Thor also holds a 26.3% interest in Australian copper development company EnviroCopper Limited (ECL), which in turn holds rights to earn up to a 75% interest in the mineral rights and claims over the resource on the portion of the historic Kapunda copper mine and the Alford West copper project, both situated in South Australia, and both considered amenable to recovery by way of ISR.²³ Alligator Energy recently invested A$0.9M for a 7.8% interest in ECL with the rights to gain a 50.1% interest by investing a further A$10.1m over four years.
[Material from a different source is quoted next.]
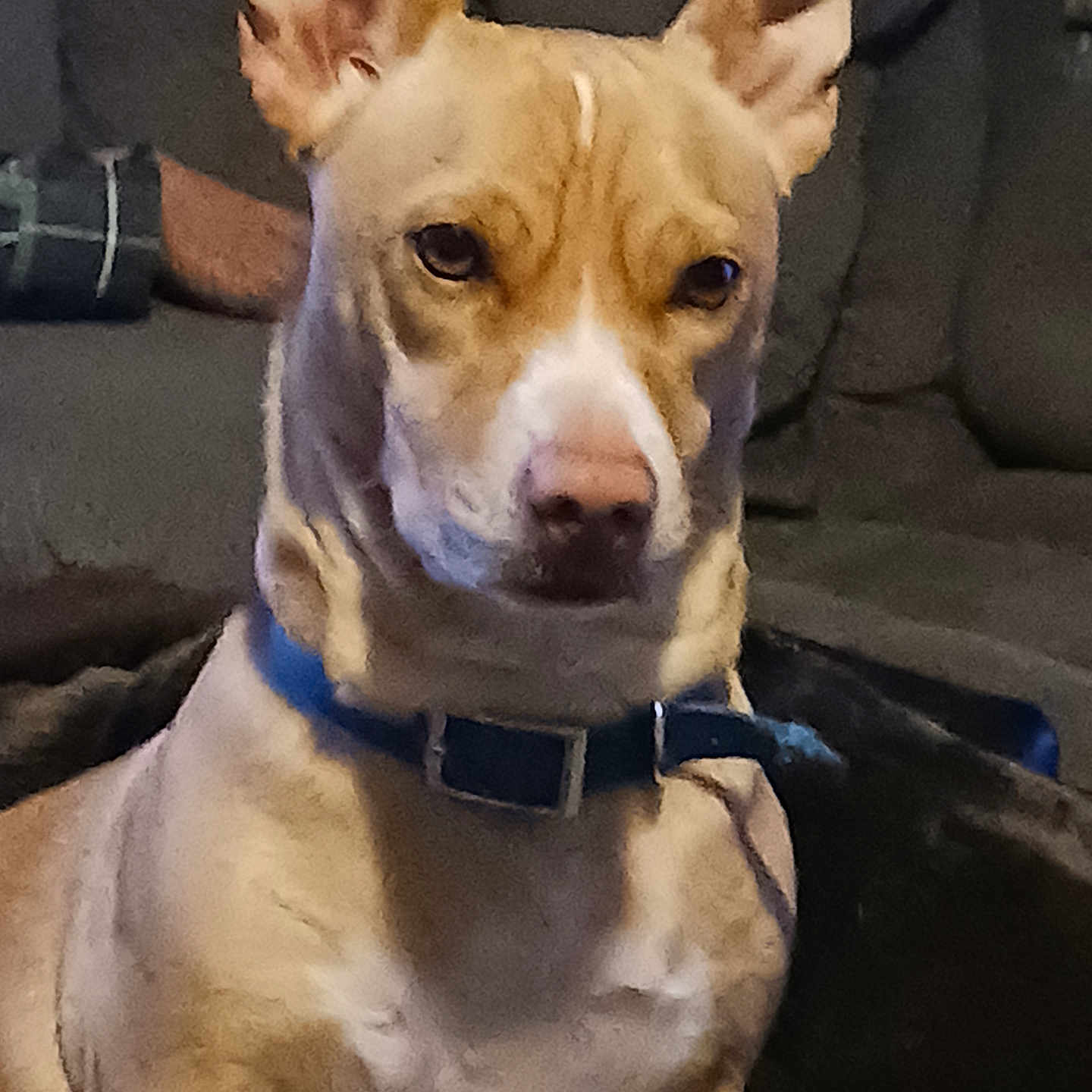 Tank joined the competition — help win amazing prizes! accessories, animal, bulldog, canine, chihuahua, collar, couch, dog, face, furniture, head, hound, husky, leash, person, pet, photography, pitbull, puppy, strap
Thor holds 100% of the advanced Molyhil tungsten project, including measured, indicated and inferred resources⁴, in the Northern Territory of Australia, which was awarded Major Project Status by the Northern Territory government in July 2020. Thor executed a A$8m Farm-in and Funding Agreement with Investigator Resources Limited (ASX: IVR) to accelerate exploration at the Molyhil Project on 24 November 2022.6
Adjacent to Molyhil, at Bonya, Thor holds a 40% interest in deposits of tungsten, copper, and vanadium, including Inferred resource estimates for the Bonya copper deposit, and the White Violet and Samarkand tungsten deposits. ⁵ Thor's interest in the Bonya tenement EL29701 is planned to be divested as part of the Farm-in and Funding agreement with Investigator Resources Limited.6
Thor owns 100% of the Ragged Range Project, comprising 92 km2 of exploration licences with highly encouraging early-stage gold and nickel results in the Pilbara region of Western Australia.
Notes
1 https://thorenergyplc.com/investor-updates/maiden-copper-gold-mineral-resource-estimate-alford-east-copper-gold-isr-project/
4 https://thorenergyplc.com/investor-updates/molyhil-project-mineral-resource-estimate-updated/
6 https://thorenergyplc.com/wp-content/uploads/2022/11/20221124-8M-Farm-in-Funding-Agreement.pdf
The Company notes that for the relevant market announcements noted above, that it is not aware of any new information or data that materially affects this information and that all material assumptions and technical parameters underpinning any estimates continue to apply and have not materially changed.